LSU’s Reilly Center for Media & Public Affairs Releases 2011 Louisiana Survey
Survey Finds Residents Open to Range of Options to Address Budget Shortfall, Opposed to Cutting Education and Health Care, and Supportive of Sin Taxes
BATON ROUGE – As the state grapples with a difficult budget year, this much is clear, the Louisiana public is open to a wide range of options, including selling state properties, early release of nonviolent offenders, a temporary reinstatement of the Stelly tax provisions, and tax increases on tobacco, alcohol, and gambling.
According to the results of the 2011 Louisiana Survey, a plurality of state residents – 46 percent – prefer some combination of spending cuts and tax increases to address the $1.6 billion state budget shortfall. A nearly identical number – 44 percent – prefer addressing the shortfall through spending cuts alone.
Residents are equally divided on whether existing cuts have gone too far. Forty percent of respondents said cuts have gone too far, while 39 percent believe cuts have not gone far enough. The remaining respondents say they are unsure or that existing cuts are about right.
Public opinion is not divided when it comes to cutting primary and secondary education, health care, and higher education. More than two-thirds of Louisiana residents – 68 percent – prefer making no cuts to elementary and secondary education, 65 percent prefer not cutting health care, and 59 percent prefer not cutting higher education. Even among respondents willing to cut these areas, the preference is generally for minor – as opposed to major – cuts.
There is also nearly universal support for increasing “sin taxes” on gambling, tobacco, and alcohol, as well as more limited support for taxes on wealthier individuals and households.
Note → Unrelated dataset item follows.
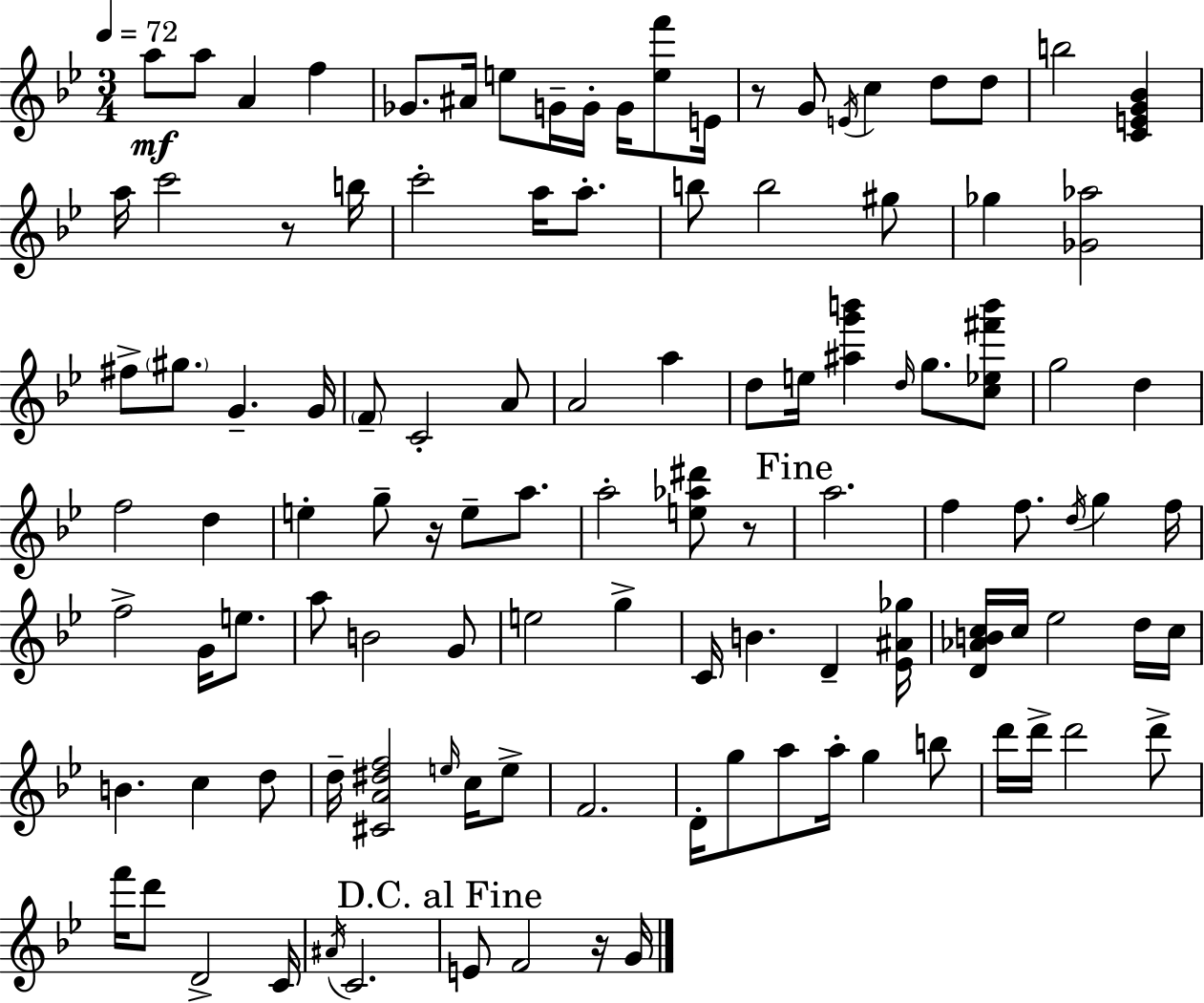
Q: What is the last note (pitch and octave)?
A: G4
Eighty-five percent expressed support for increasing taxes on gambling, while 76 percent supported increasing taxes on alcohol and 73 percent supported increasing taxes on tobacco. Support for each of these measures has increased over the past year. Perhaps more surprising, 57 percent of residents supported raising income taxes on higher earning individuals and households – defined in the survey as individuals earning more than $100,000 or households earning more than $150,000.
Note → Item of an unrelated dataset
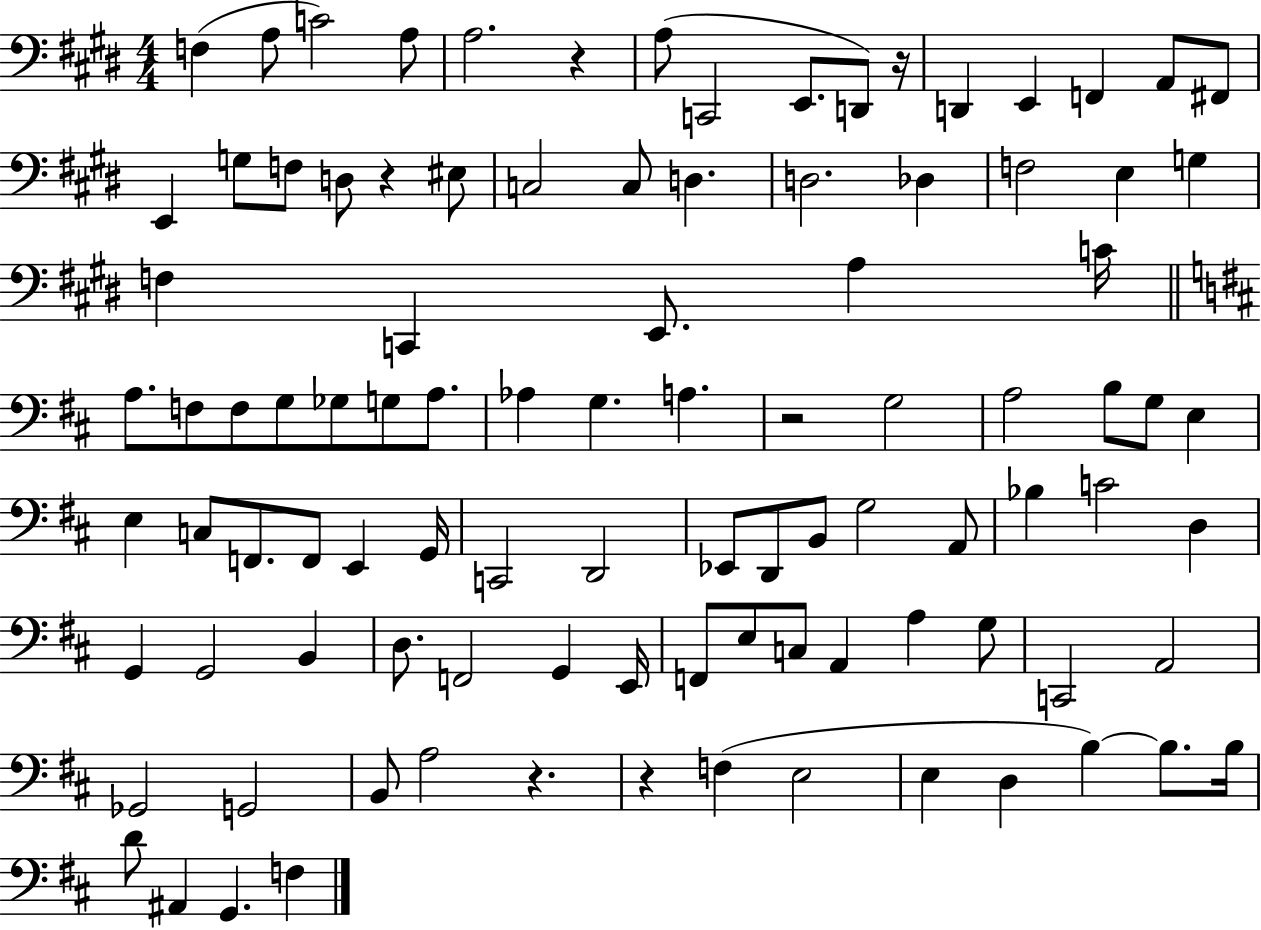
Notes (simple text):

F3/q A3/e C4/h A3/e A3/h. R/q A3/e C2/h E2/e. D2/e R/s D2/q E2/q F2/q A2/e F#2/e E2/q G3/e F3/e D3/e R/q EIS3/e C3/h C3/e D3/q. D3/h. Db3/q F3/h E3/q G3/q F3/q C2/q E2/e. A3/q C4/s A3/e. F3/e F3/e G3/e Gb3/e G3/e A3/e. Ab3/q G3/q. A3/q. R/h G3/h A3/h B3/e G3/e E3/q E3/q C3/e F2/e. F2/e E2/q G2/s C2/h D2/h Eb2/e D2/e B2/e G3/h A2/e Bb3/q C4/h D3/q G2/q G2/h B2/q D3/e. F2/h G2/q E2/s F2/e E3/e C3/e A2/q A3/q G3/e C2/h A2/h Gb2/h G2/h B2/e A3/h R/q. R/q F3/q E3/h E3/q D3/q B3/q B3/e. B3/s D4/e A#2/q G2/q. F3/q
Louisiana residents also appear to be expressing some buyer’s remorse over the repeal of the Stelly Plan. Fifty-nine percent of respondents in the current survey describe the repeal as “a bad idea because it cost tax revenue and contributed to shortfalls,” while 27 percent describe it as a good idea because it cut state income taxes. Moreover, 55 percent supported temporarily reinstating the Stelly tax provisions to address current budget shortfalls.
When taxes are tied to specific uses, support increases substantially. For example, only 9 percent of respondents support an increase in oil and gas taxes. When the increase is tied to improving roads and infrastructure, support increases to 52 percent. Similarly, 61 percent of residents supported increasing income taxes if the additional revenue was dedicated to offsetting cuts to health care or higher education, respectively.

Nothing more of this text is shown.